→ **WHAT TO PRODUCE**: Lines after the one containing "周杰伦首录说唱节目 网民高呼:祖师爷来了" are to be omitted; print exactly each line from the start of the records up to and including it.

→ **AVAILABLE DATA**:
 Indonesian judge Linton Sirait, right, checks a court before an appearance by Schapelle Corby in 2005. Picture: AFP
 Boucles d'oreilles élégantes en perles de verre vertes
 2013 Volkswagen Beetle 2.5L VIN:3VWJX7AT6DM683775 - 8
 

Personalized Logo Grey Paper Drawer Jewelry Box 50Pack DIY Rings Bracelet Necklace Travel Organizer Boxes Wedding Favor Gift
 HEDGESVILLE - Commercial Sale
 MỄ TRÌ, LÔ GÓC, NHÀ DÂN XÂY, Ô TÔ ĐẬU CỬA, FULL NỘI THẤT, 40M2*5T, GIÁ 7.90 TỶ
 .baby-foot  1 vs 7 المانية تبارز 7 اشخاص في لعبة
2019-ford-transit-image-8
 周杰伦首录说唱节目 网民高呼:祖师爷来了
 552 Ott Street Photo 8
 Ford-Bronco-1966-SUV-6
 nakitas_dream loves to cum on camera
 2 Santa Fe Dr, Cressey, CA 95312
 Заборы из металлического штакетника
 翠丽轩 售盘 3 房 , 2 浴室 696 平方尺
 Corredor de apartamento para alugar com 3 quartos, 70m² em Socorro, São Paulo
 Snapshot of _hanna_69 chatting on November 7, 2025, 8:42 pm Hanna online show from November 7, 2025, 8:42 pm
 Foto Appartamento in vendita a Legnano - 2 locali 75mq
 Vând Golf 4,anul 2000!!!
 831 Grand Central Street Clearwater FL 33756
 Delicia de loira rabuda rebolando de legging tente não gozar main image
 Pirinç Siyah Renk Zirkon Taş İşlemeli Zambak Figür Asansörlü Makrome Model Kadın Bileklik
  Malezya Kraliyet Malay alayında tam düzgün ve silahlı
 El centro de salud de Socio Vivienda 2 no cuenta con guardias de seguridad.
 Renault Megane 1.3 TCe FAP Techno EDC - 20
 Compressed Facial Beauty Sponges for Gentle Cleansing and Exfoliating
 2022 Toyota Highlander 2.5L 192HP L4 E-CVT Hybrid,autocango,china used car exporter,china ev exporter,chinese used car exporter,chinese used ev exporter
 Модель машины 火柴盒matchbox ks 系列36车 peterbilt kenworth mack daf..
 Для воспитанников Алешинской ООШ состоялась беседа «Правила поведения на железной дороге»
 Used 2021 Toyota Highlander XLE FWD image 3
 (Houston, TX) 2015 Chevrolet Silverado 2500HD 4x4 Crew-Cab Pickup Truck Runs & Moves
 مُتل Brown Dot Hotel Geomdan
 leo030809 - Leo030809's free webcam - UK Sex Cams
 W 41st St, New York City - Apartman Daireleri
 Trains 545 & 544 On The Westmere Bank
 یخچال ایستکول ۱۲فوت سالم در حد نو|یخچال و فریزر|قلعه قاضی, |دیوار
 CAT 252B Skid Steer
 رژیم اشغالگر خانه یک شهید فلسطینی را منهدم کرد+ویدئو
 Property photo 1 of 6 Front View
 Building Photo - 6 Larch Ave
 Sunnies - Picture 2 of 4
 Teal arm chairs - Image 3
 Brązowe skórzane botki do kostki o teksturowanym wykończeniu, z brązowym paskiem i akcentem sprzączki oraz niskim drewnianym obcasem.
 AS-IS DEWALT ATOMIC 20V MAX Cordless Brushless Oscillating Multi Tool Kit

→ **FINISHED EXERCISE**:
 Indonesian judge Linton Sirait, right, checks a court before an appearance by Schapelle Corby in 2005. Picture: AFP
 Boucles d'oreilles élégantes en perles de verre vertes
 2013 Volkswagen Beetle 2.5L VIN:3VWJX7AT6DM683775 - 8
 

Personalized Logo Grey Paper Drawer Jewelry Box 50Pack DIY Rings Bracelet Necklace Travel Organizer Boxes Wedding Favor Gift
 HEDGESVILLE - Commercial Sale
 MỄ TRÌ, LÔ GÓC, NHÀ DÂN XÂY, Ô TÔ ĐẬU CỬA, FULL NỘI THẤT, 40M2*5T, GIÁ 7.90 TỶ
 .baby-foot  1 vs 7 المانية تبارز 7 اشخاص في لعبة
2019-ford-transit-image-8
 周杰伦首录说唱节目 网民高呼:祖师爷来了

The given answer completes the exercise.